[Image-caption web data]
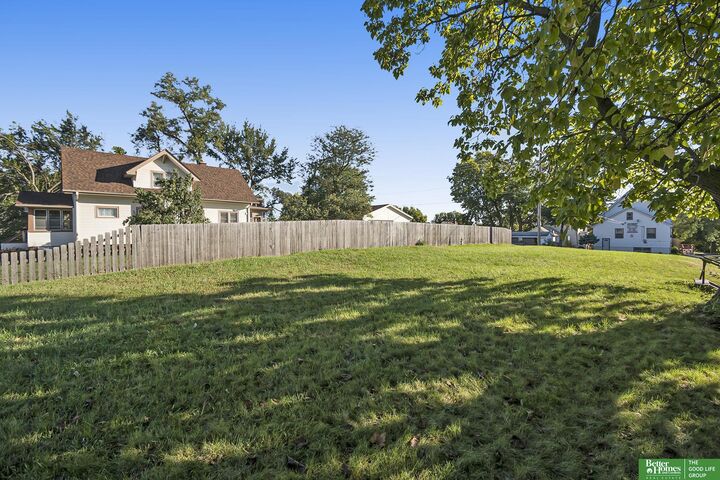 Property Photo: 1473 S 16 Street NE 68108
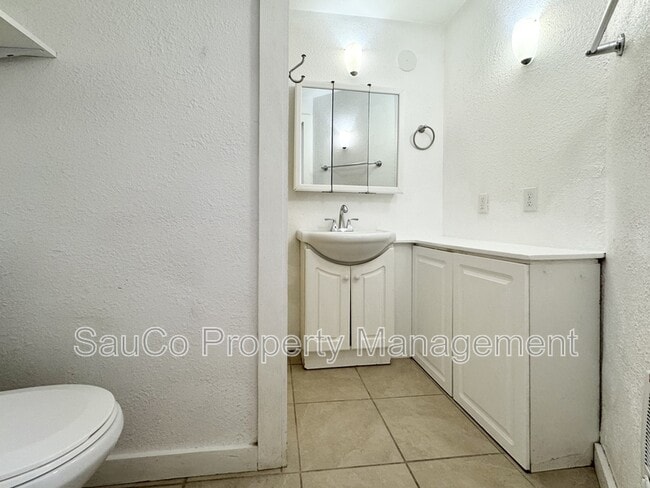 Building Photo - 6423 SW Raab Rd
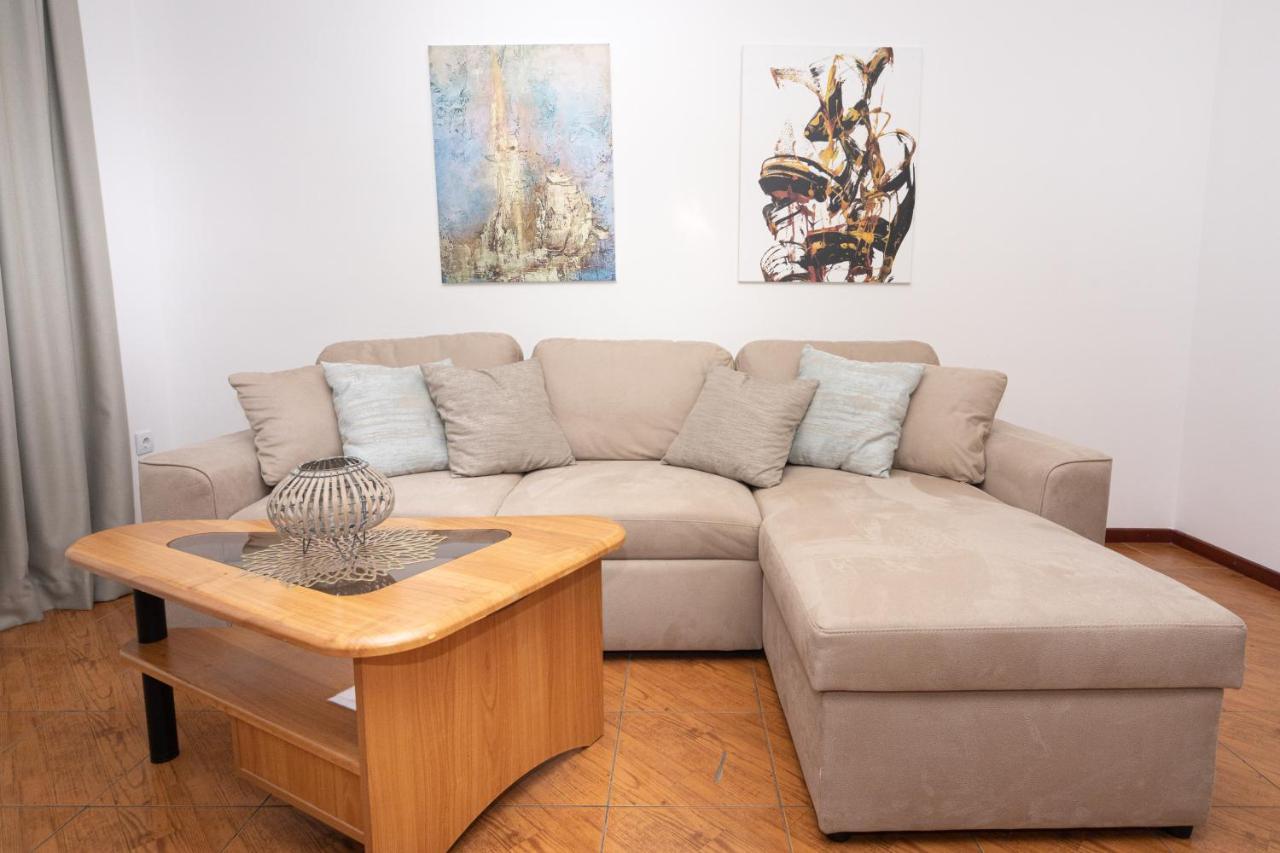 Adeona Apartment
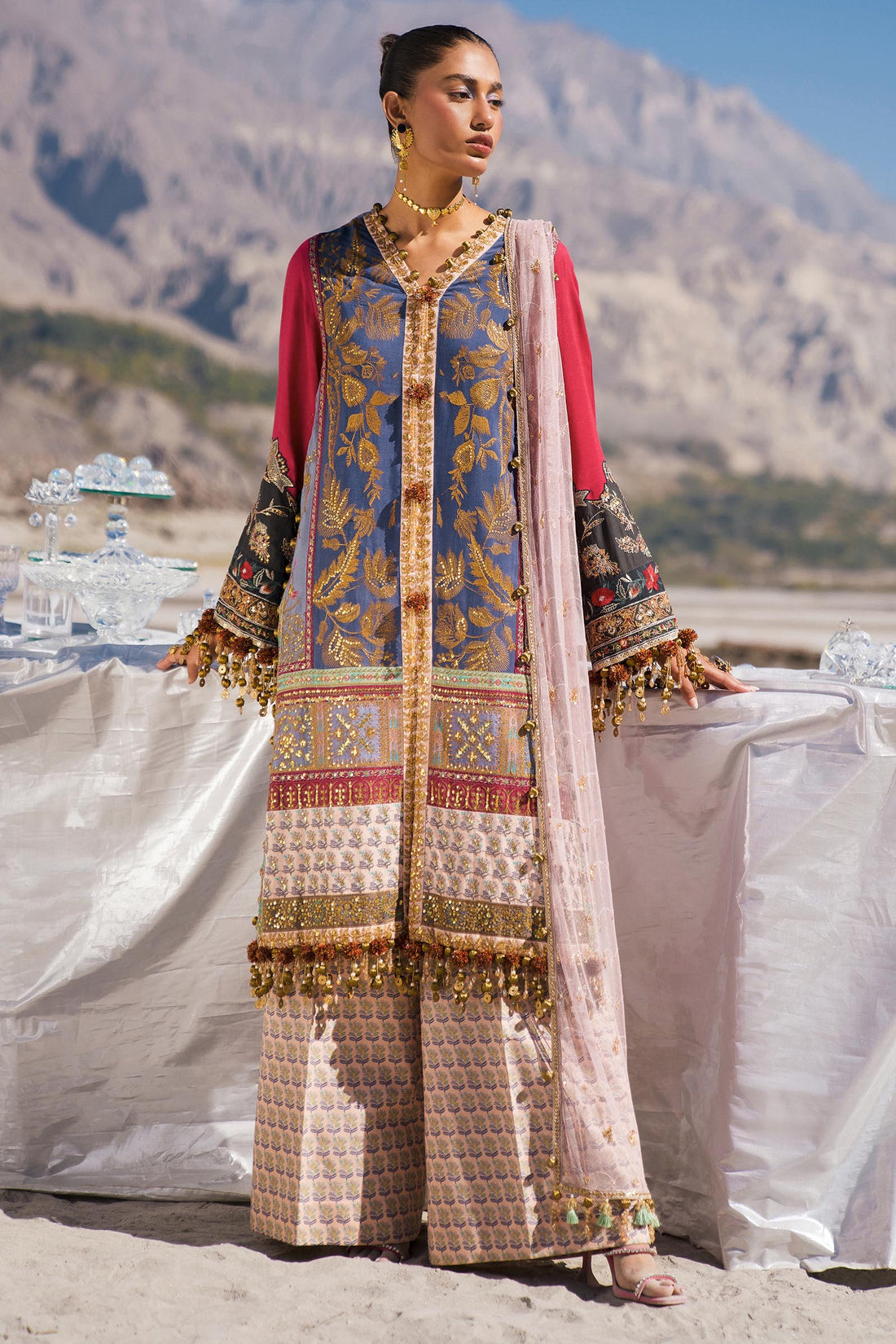 Sana Safinaz | Winter Shawl 24 | S241-004B-3CP - Libasekhas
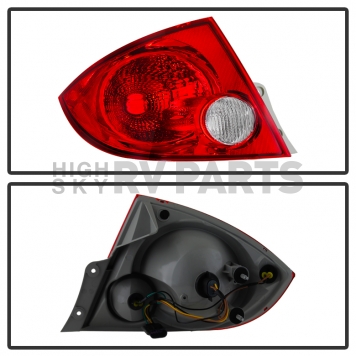 Xtune Tail Light Assembly 9030536-1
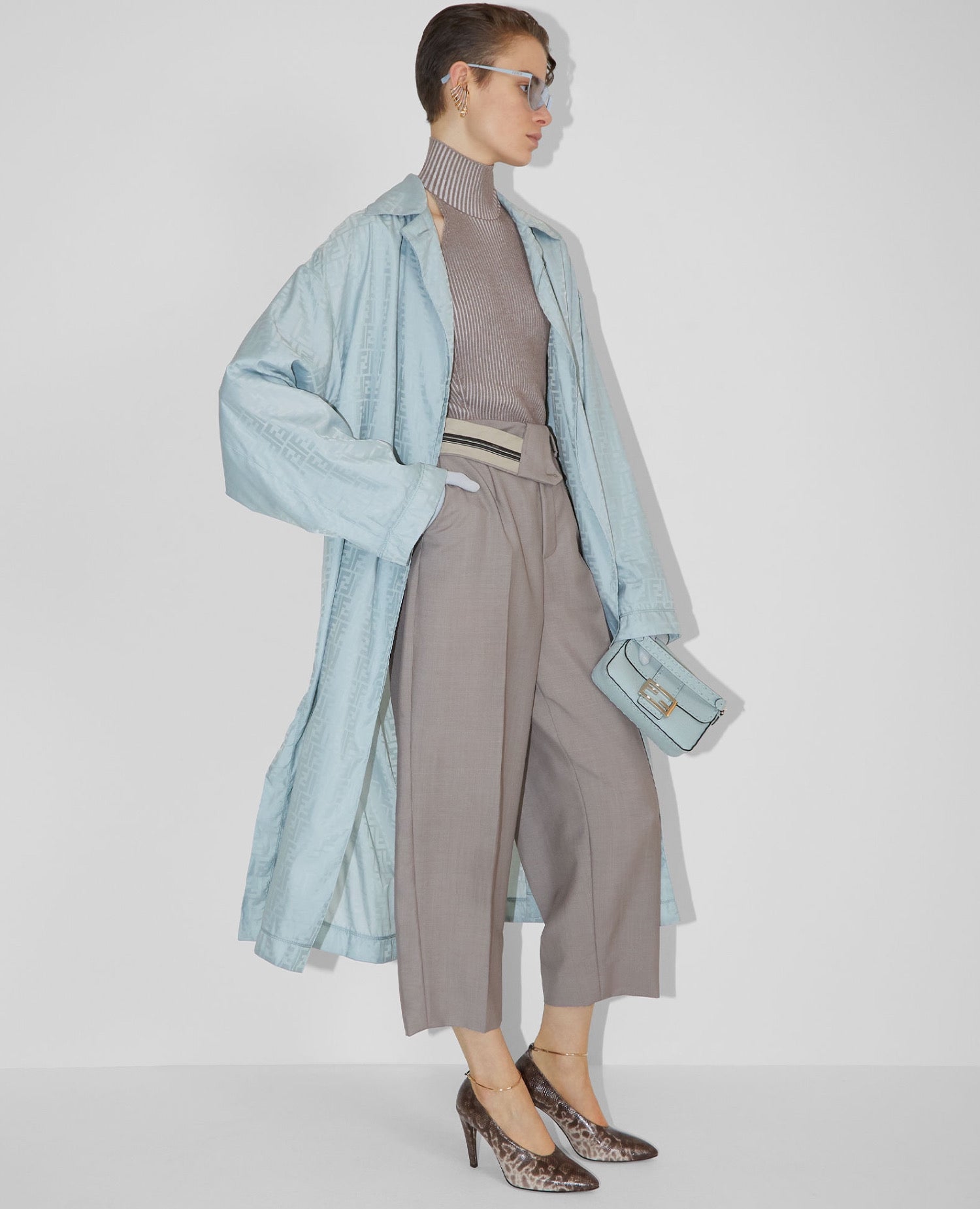 حقيبة فندي باجيت ميني لايت بلو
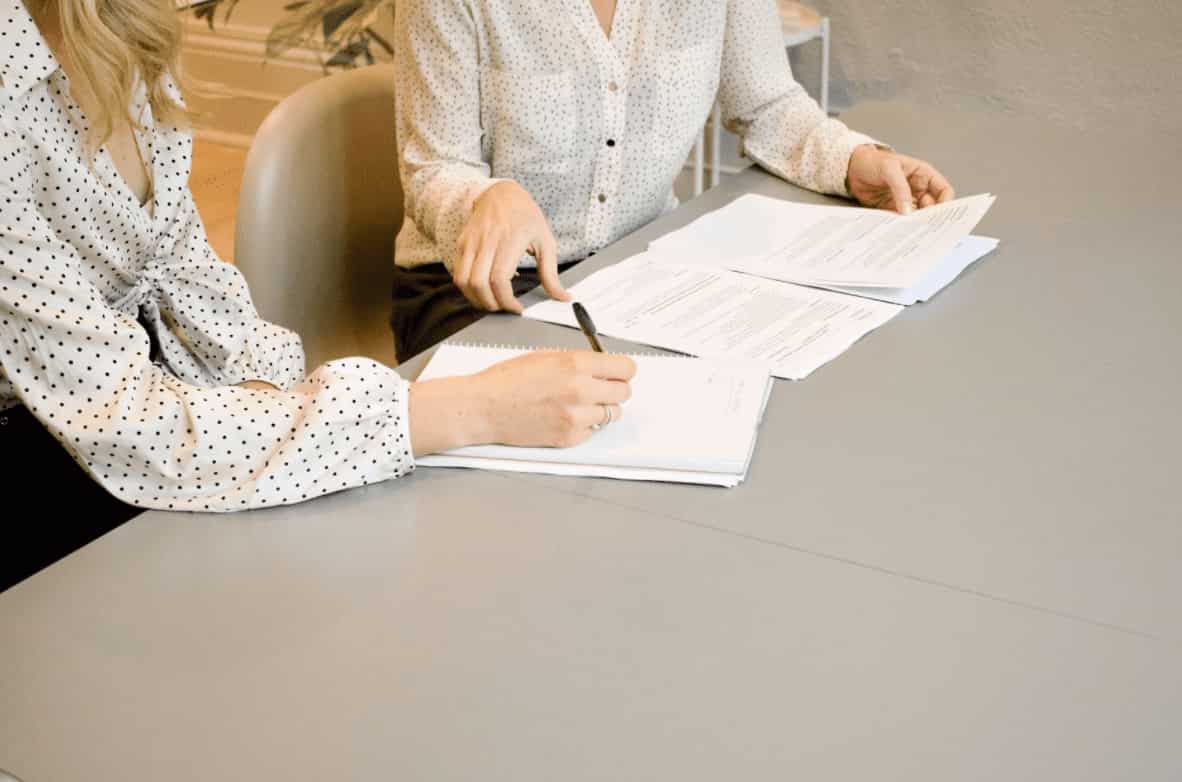 une femme qui écrit sur un document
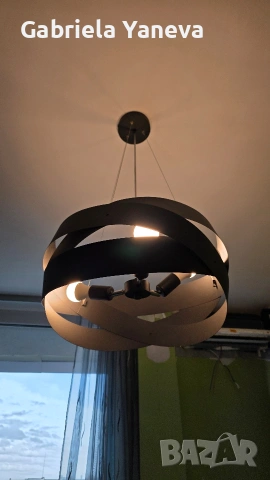 полилей за таван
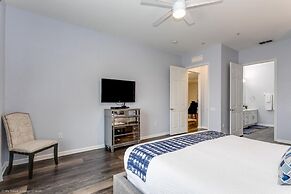 Beautiful Modern Vista Cay Condo, Near Parks-2011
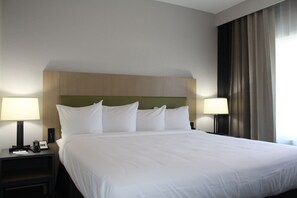 Suíte, 1 quarto, para não fumantes | Escrivaninha, espaço de trabalho para notebook, cortinas blackout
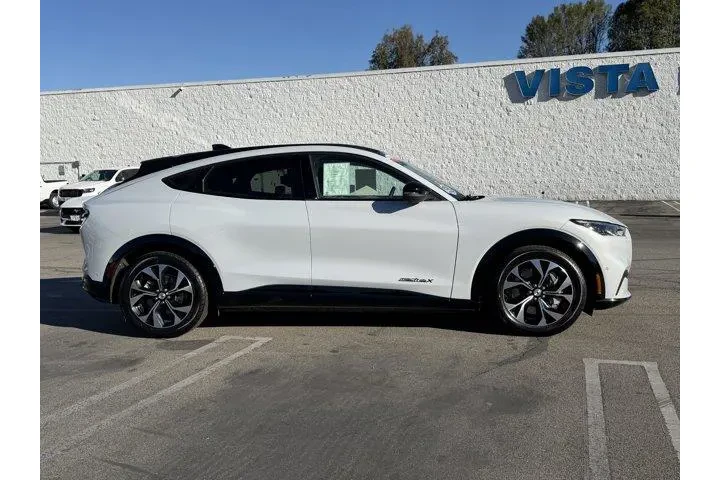 $34050 : Ford Mustang Mach-E 2023 AWD image 8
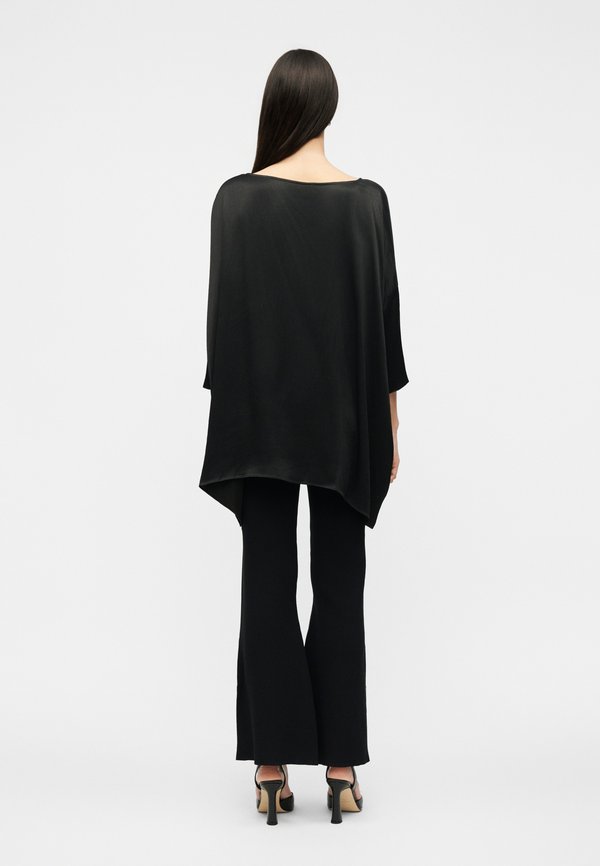 Diane von Furstenberg DIANE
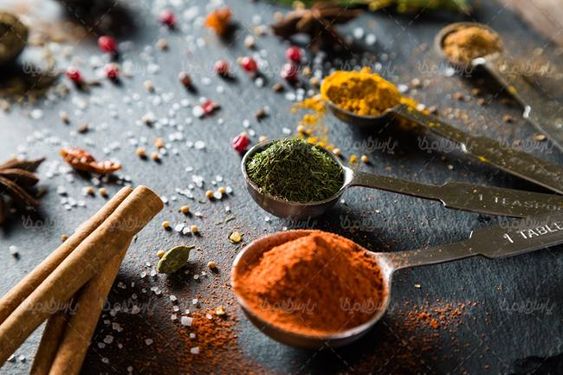 ادویه فروشی عطاری قاشق ادویه زیره دانه فلفل قرمز3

What you need to do: Only the lines from the one containing "AWD image 8" through the last line of the data above, both included, belong in the reply, each restated exactly and without pictures.

Result:
 $34050 : Ford Mustang Mach-E 2023 AWD image 8
 Diane von Furstenberg DIANE
 ادویه فروشی عطاری قاشق ادویه زیره دانه فلفل قرمز3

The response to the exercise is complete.